New data from S&P Global’s flash US composite PMI for September reveals that while the US economy continues to grow, challenges are emerging. The composite PMI, which tracks both services and manufacturing activity, stood at 54.4, down slightly from 54.6 in August. While a dip to 54.3 was expected, any reading above 50 signals expansion. The services sector remains robust, with a PMI of 55.4, though down from August’s 55.7. In contrast, manufacturing saw a sharp decline, falling to 47, the lowest in 15 months, signaling contraction.
Chris Williamson, Chief Business Economist at S&P Global Market Intelligence, indicated that this data points to a 2.2% annualized GDP growth rate for Q3, aligning with predictions from Goldman Sachs (3%) and the Atlanta Fed (2.9%).
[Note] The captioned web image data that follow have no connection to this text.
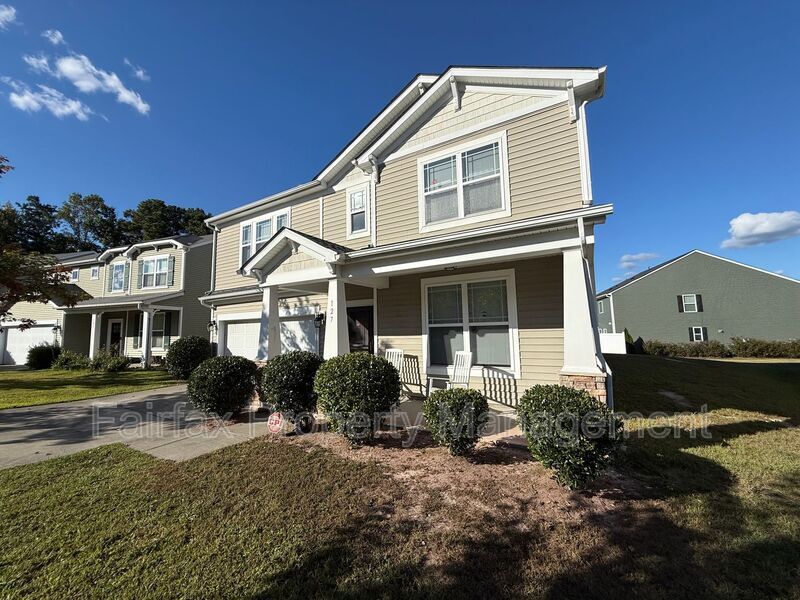 Primary Photo - 127 Rosebud Ln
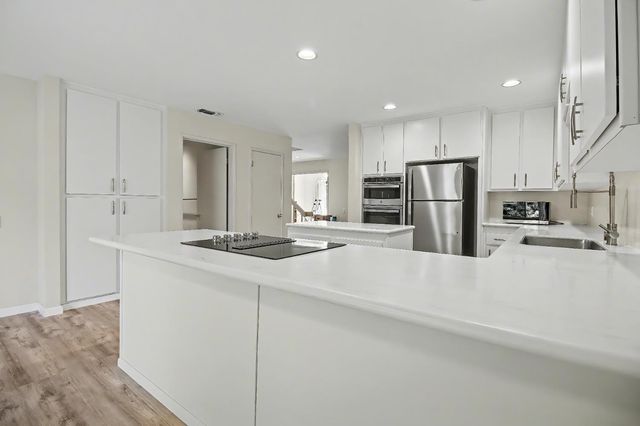 2021 Promontory Point Ln, Gold River, CA 95670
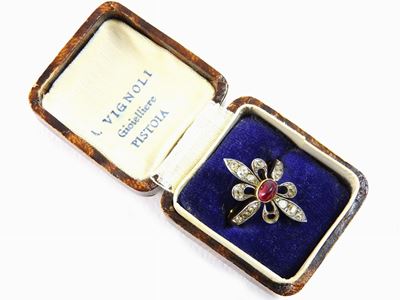 Anello in Oro Giallo, Argento, Diamanti e Rubino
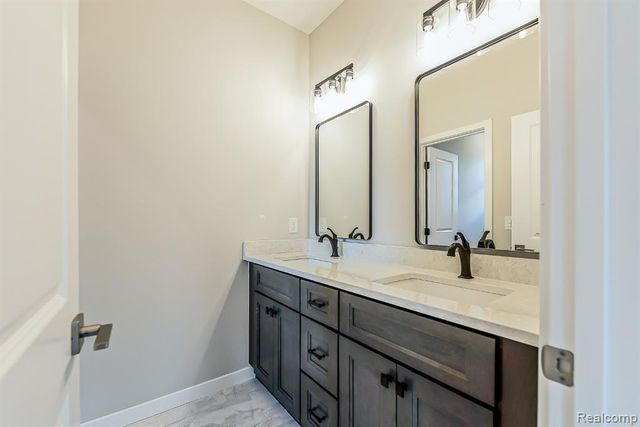 9758 Iosco Ridge Drive, Gregory, MI 48137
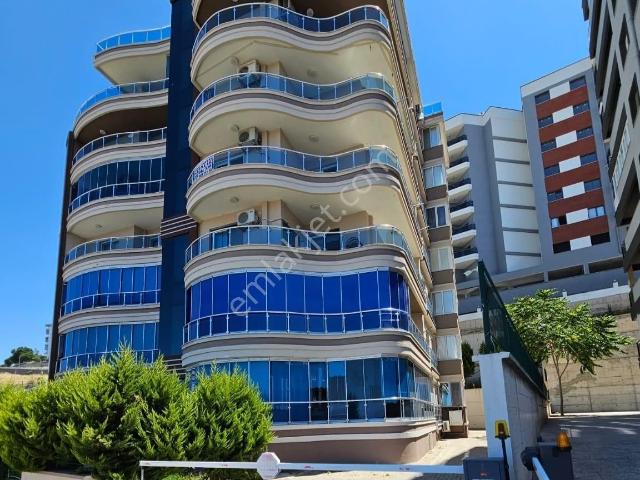 Acill Acil Deniz Manzaralı Çiğli 3+1 Daire Satılıktır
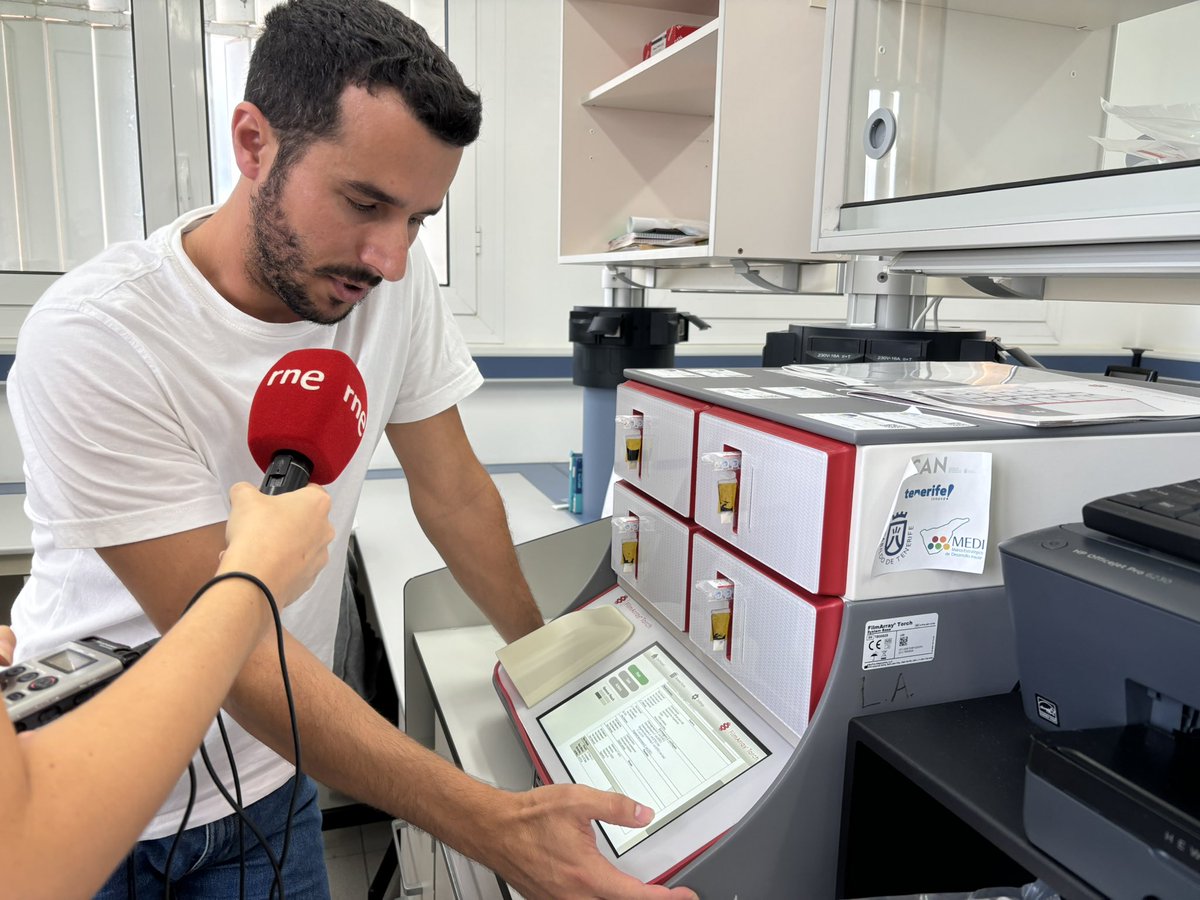 ArchipielagoRNE's tweet photo. 📻Ya puedes escuchar el último #Latitud28

🌧️Conocemos el trabajo científico para la recuperación tras la DANA en Valencia

🦠El Instituto de Enfermedad Tropicales de @ULL analiza patógenos que puedan afectar a la salud, ya hay casos de gastroenteritis

▶️https://t.co/krAg5iYDHG https://t.co/lxt49vq9jM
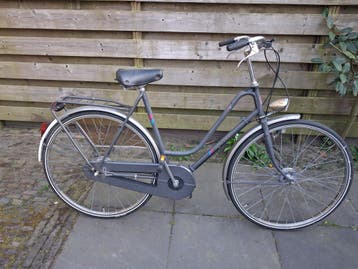 Degelijke damesfiets, stadsfiets, omafiets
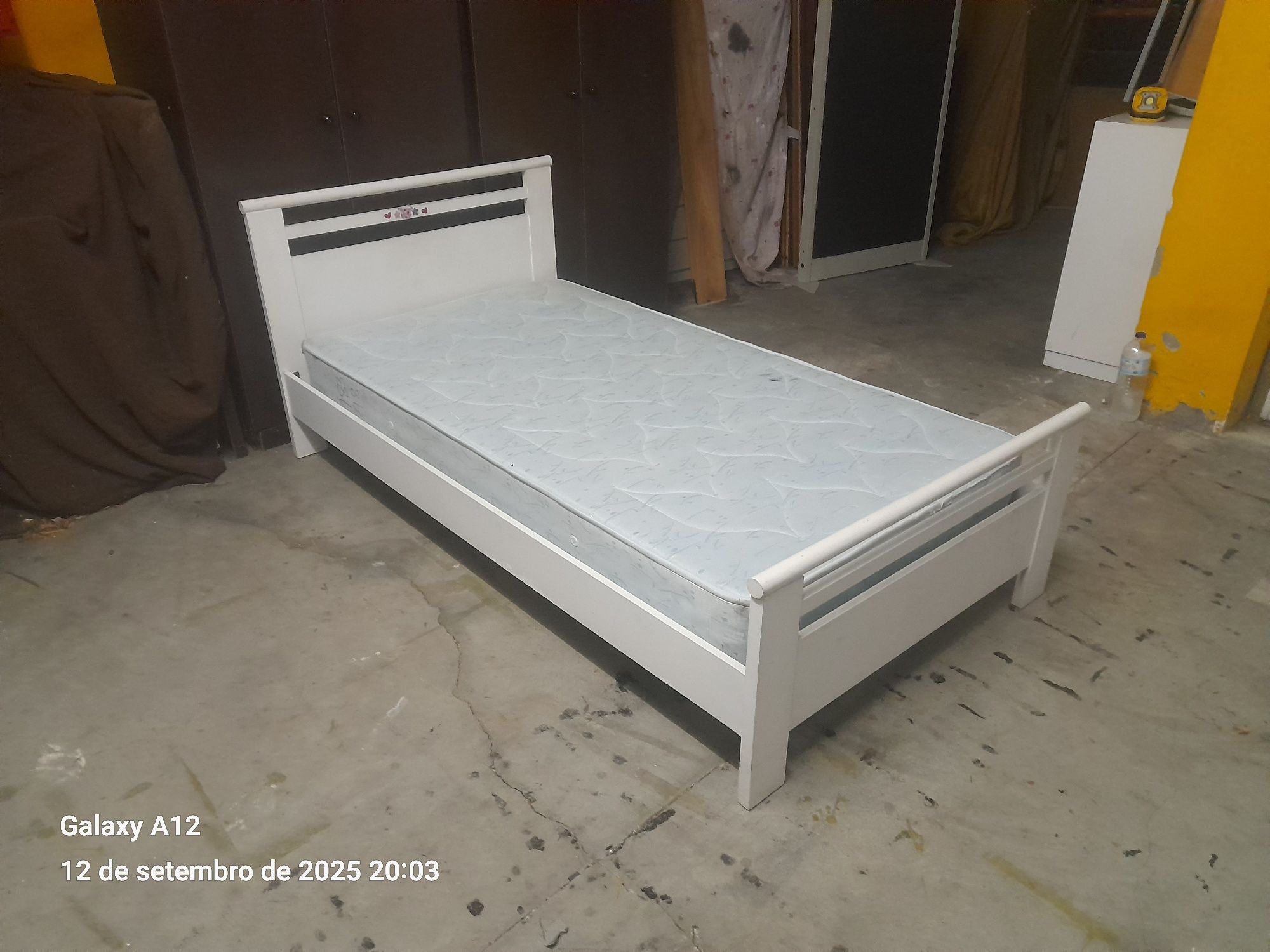 Cama branca solteiro com estrado e colchão
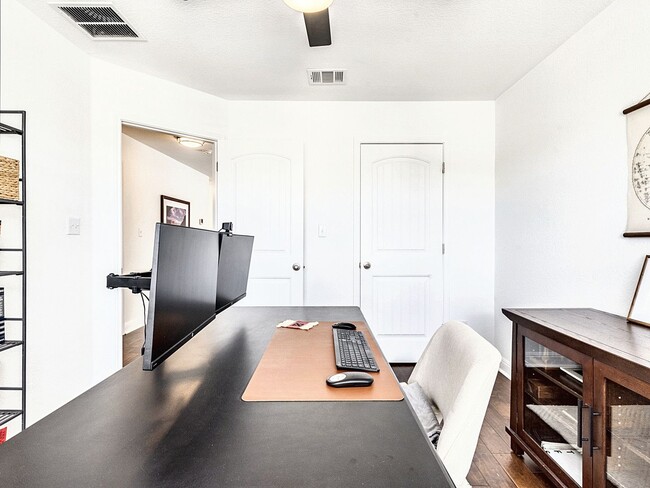 Building Photo - Beautiful and Contemporary 3 BR / 2.5 BA H...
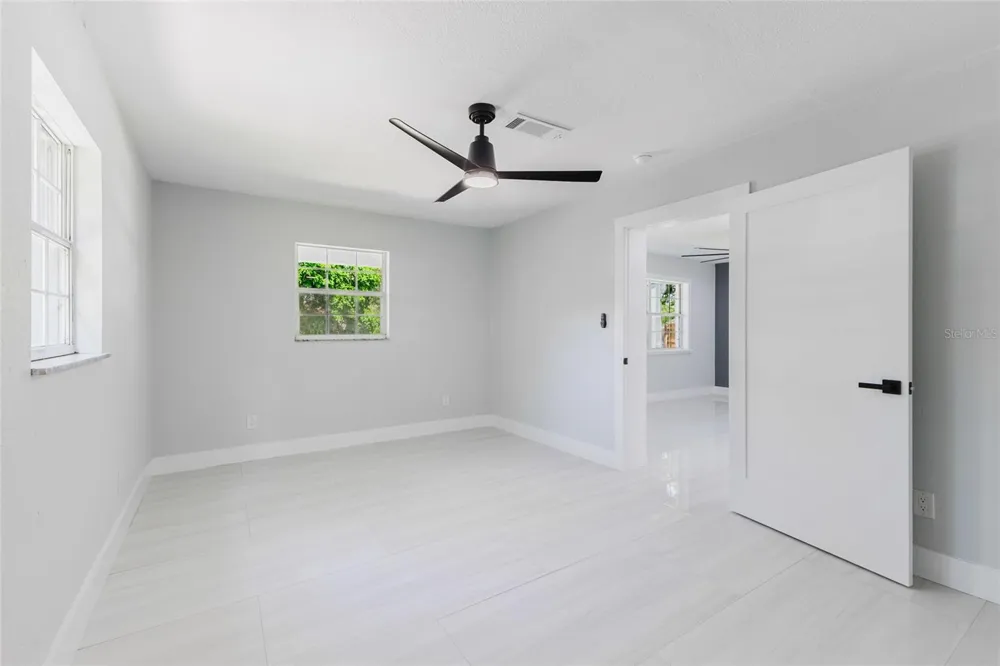 639 HAND AVENUE Sarasota, FL 34232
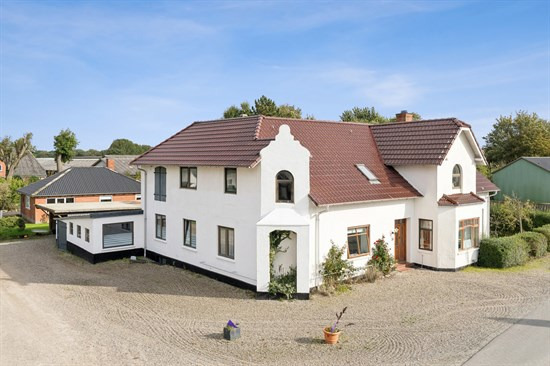 Vilsbækvej 26 og 3 andre boliger er kommet til salg denne uge i Padborg - se boligerne her.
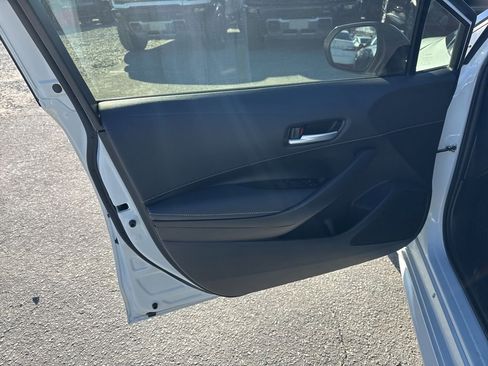 Used 2022 Toyota Corolla SE image 23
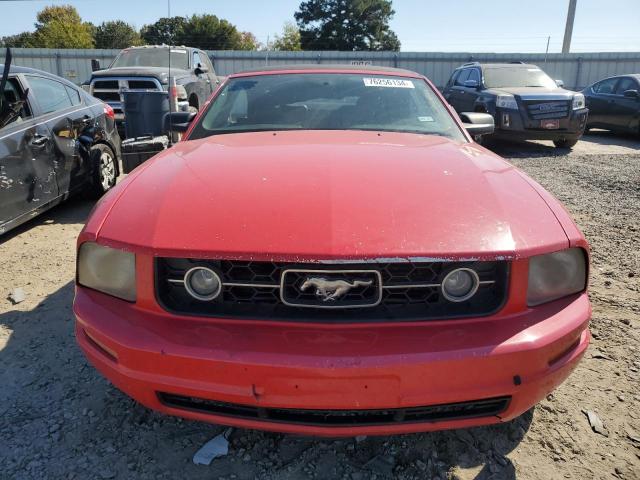 1ZVFT84N865261004 - 2006 FORD MUSTANG RED photo 5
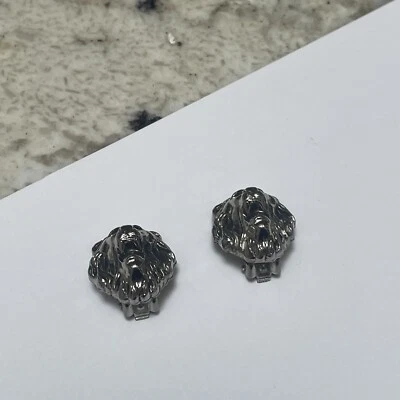 Pendientes de clip Lisner firmados tono plata - cabeza de león Foto 1 de 4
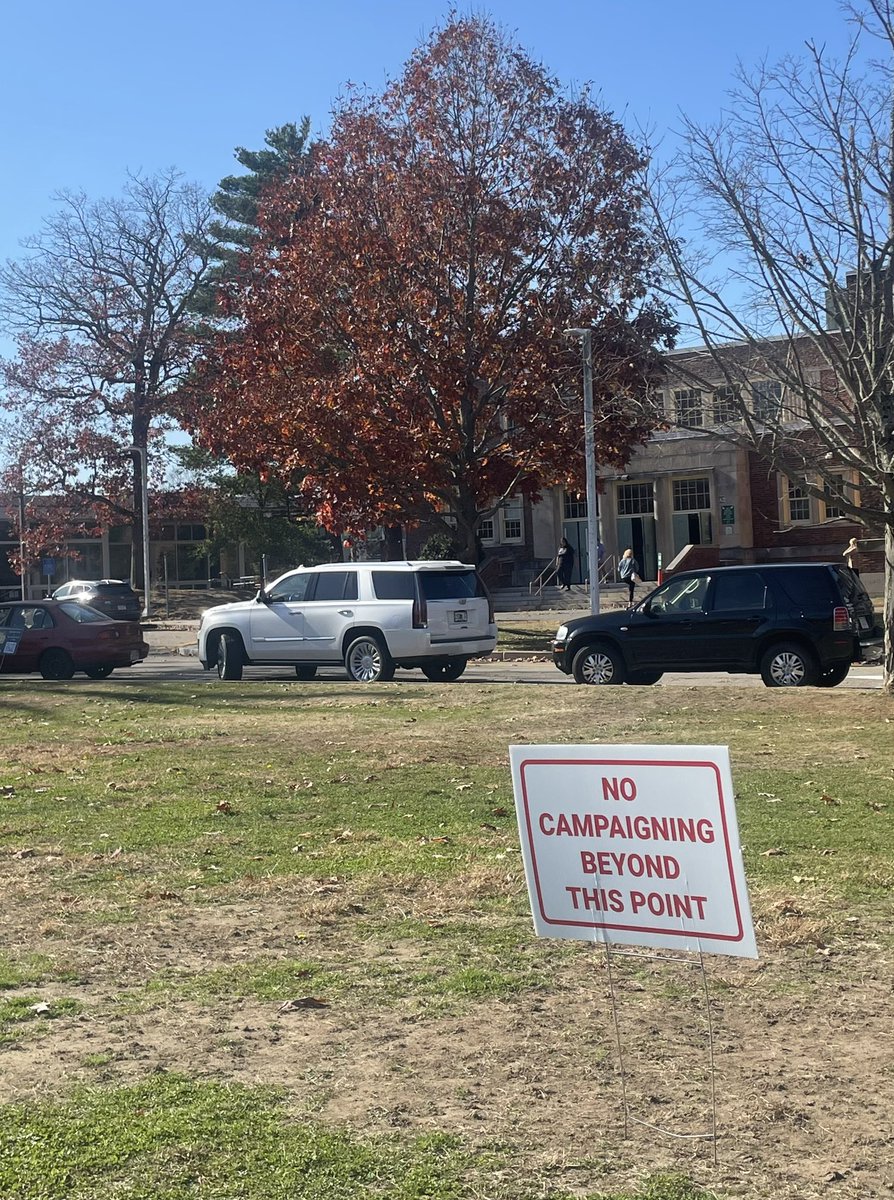 howjuliaseesit tweet media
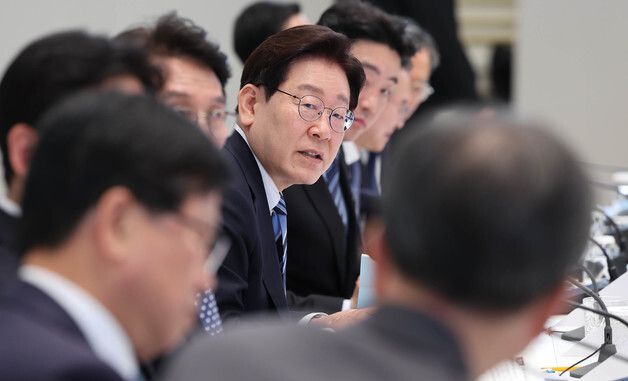 조현 장관에게 질문 하는 이재명 대통령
Despite strong growth, concerns are rising. Manufacturing weakness persists, and inflationary pressures are re-emerging, with prices rising at their fastest rate in six months. Williamson also cautioned that inflation may limit the Federal Reserve’s ability to fully pivot its focus toward supporting growth. Additionally, political uncertainty surrounding the upcoming presidential election is impacting business sentiment, with optimism for future output at its lowest since October 2022.
Key Takeaways
- The US economy is expected to grow at an annualized rate of 2.2% to 3% in Q3, driven primarily by strong services sector activity.
- Manufacturing continues to struggle, with activity at a 15-month low and prices rising, adding to inflation concerns.
- Political uncertainty is dampening business optimism and slowing investment.
- The Federal Reserve may face challenges balancing inflation control with supporting economic growth.